> **What you will do**
Copy out, unchanged, the entries below from the "Çay çiftliği, yeşil" line to the final line. Omit pictures.

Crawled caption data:
Start of Block
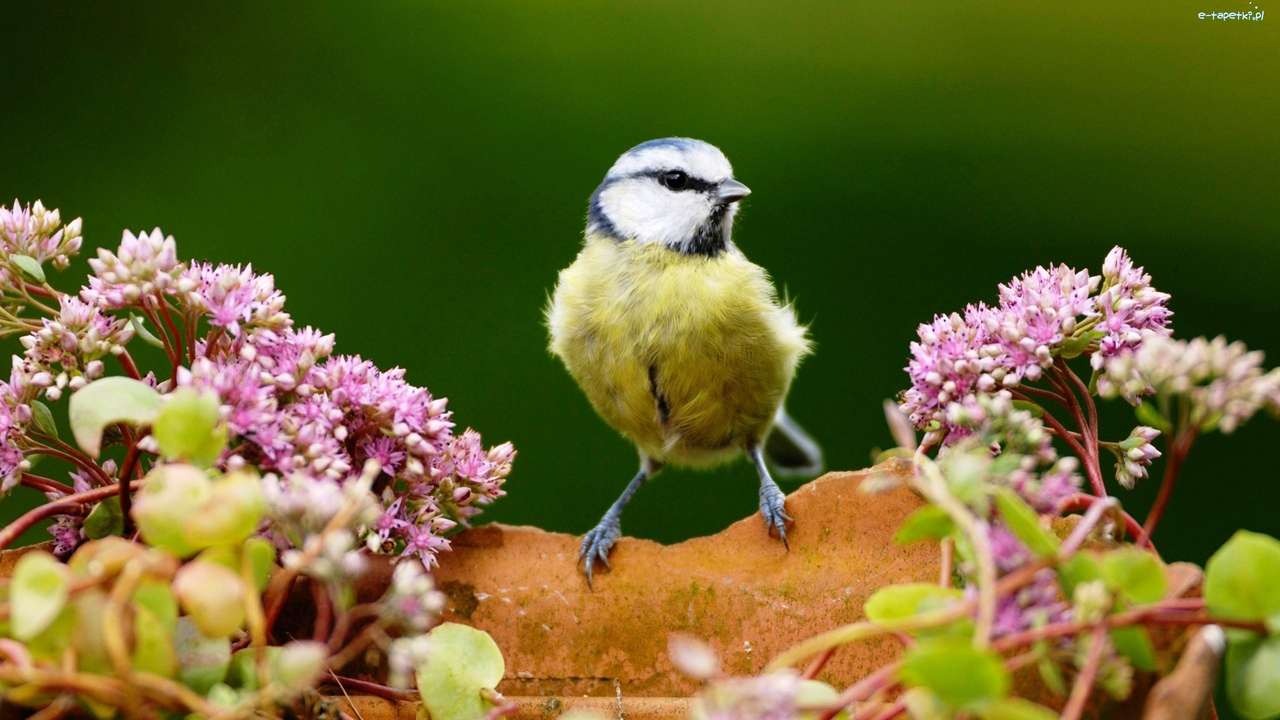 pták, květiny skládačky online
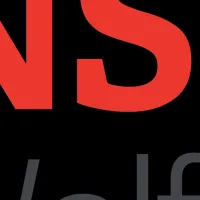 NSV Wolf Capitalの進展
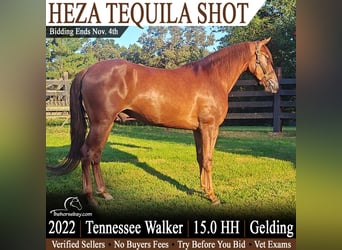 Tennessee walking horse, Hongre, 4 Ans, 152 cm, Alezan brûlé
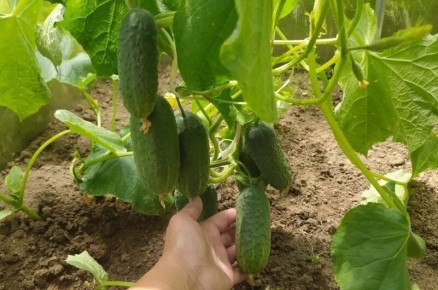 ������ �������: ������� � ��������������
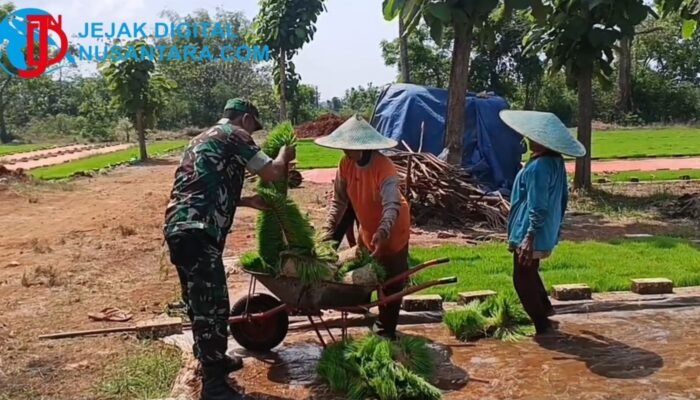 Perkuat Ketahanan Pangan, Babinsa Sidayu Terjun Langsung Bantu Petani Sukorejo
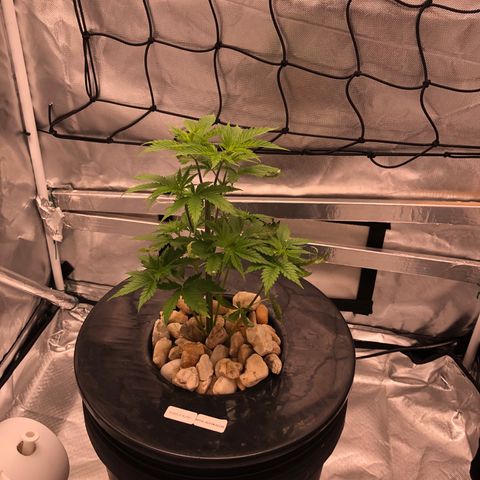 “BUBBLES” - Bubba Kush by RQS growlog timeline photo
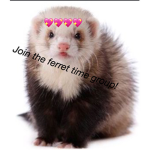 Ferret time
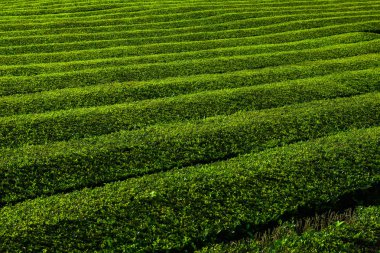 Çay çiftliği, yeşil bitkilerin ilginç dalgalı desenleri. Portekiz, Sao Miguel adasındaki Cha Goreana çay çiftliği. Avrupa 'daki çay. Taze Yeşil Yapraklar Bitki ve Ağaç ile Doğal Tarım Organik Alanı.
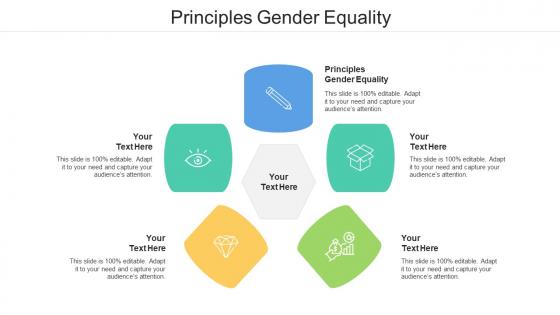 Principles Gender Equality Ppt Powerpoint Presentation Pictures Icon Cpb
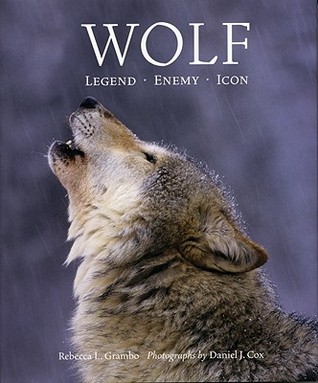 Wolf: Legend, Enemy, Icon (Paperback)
End of Block
> **Solution for this problem**
 Çay çiftliği, yeşil bitkilerin ilginç dalgalı desenleri. Portekiz, Sao Miguel adasındaki Cha Goreana çay çiftliği. Avrupa 'daki çay. Taze Yeşil Yapraklar Bitki ve Ağaç ile Doğal Tarım Organik Alanı.
 Principles Gender Equality Ppt Powerpoint Presentation Pictures Icon Cpb
 Wolf: Legend, Enemy, Icon (Paperback)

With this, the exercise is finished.